Tilapia and other types of fish can be part of a healthy, balanced diet. Fish is a rich source of protein and heart-healthy omega-3 fatty acids. It is low in saturated fat and provides a number of essential vitamins and minerals. However, some people should limit the amount of fish they eat to reduce their exposure to environmental contaminants.
Mercury is a naturally occurring metal that is converted into methylmercury by bacteria in the ocean and waterways. Nearly all types of seafood contain traces of methylmercury. However, certain fish accumulate methylmercury at extremely high levels. Methylmercury is easily absorbed by the human body and acts as a neurotoxin, interfering with the brain and nervous system.
Groups at Risk
Mercury exposure may be particularly dangerous to an unborn baby or young child, because the nervous system is still developing. The U.S. Food and Drug Administration and the Environmental Protection Agency advise all women of child-bearing age to avoid high-mercury fish. Pregnant women, nursing mothers and young children should also avoid high-mercury fish and consume only fish and shellfish that are lower in mercury.

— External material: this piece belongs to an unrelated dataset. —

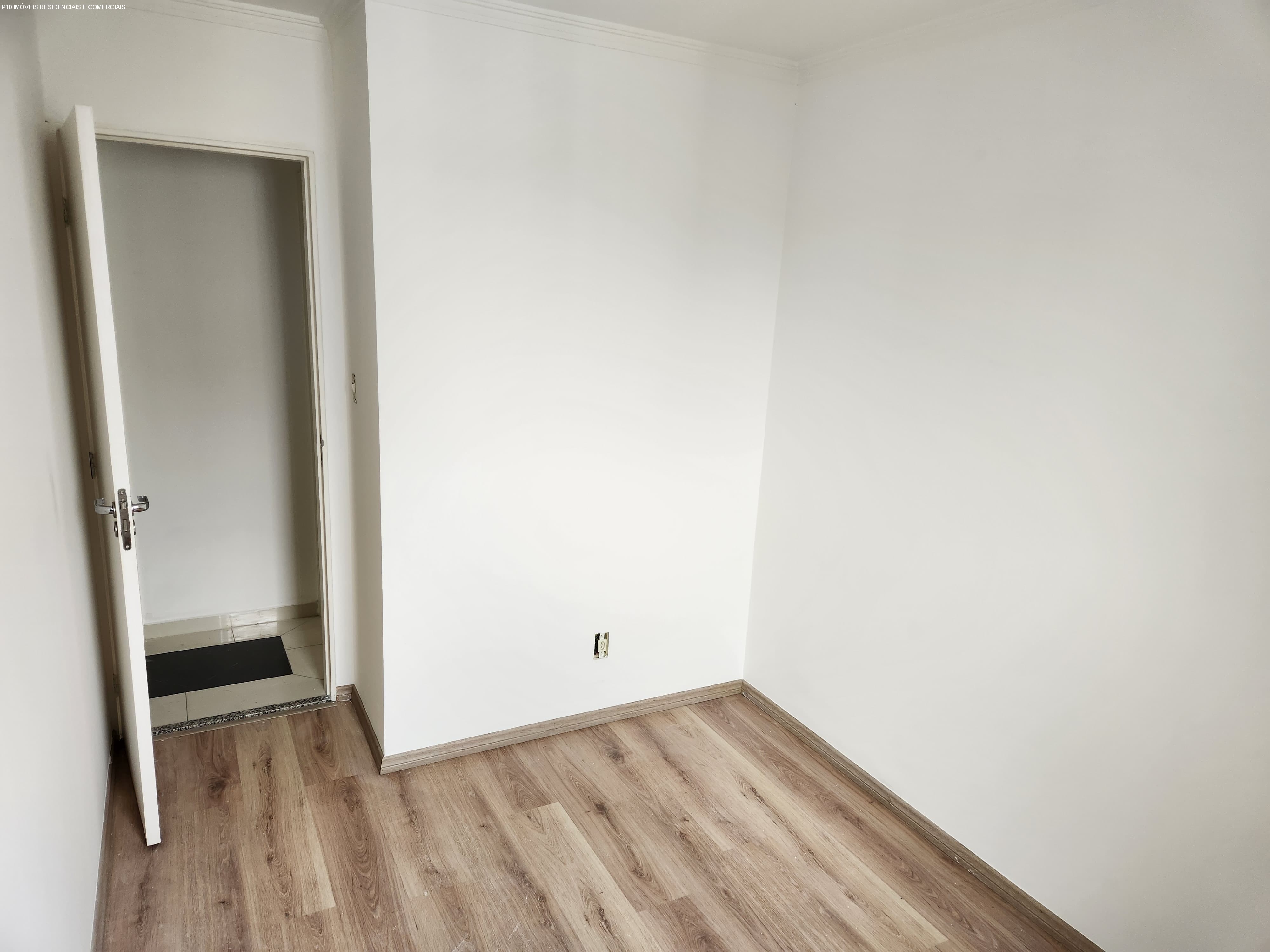 Apartamento à venda com 2 quartos, 83m² - Foto 13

Fish that accumulate very high levels of methylmercury are generally large, predatory ocean fish near the top of the food chain. Tilapia is a smaller, quick-growing and short-lived fish. As such, tilapia has lower levels of methylmercury than many other fish. People from high-risk groups may safely enjoy two 6-oz. servings of tilapia or other low-mercury fish per week.
Other types of low-methylmercury fish include anchovies, butterfish, catfish, croaker, flounder, haddock, herring, mullet, ocean perch, plaice, salmon, sardines, shad, sole, freshwater trout, whitefish and whiting. Many types of shellfish are low in methylmercury, such as oysters, scallops, shrimp, squid, clam, crab and crawfish. Check with your local health authorities for information about the safety of fish you catch yourself.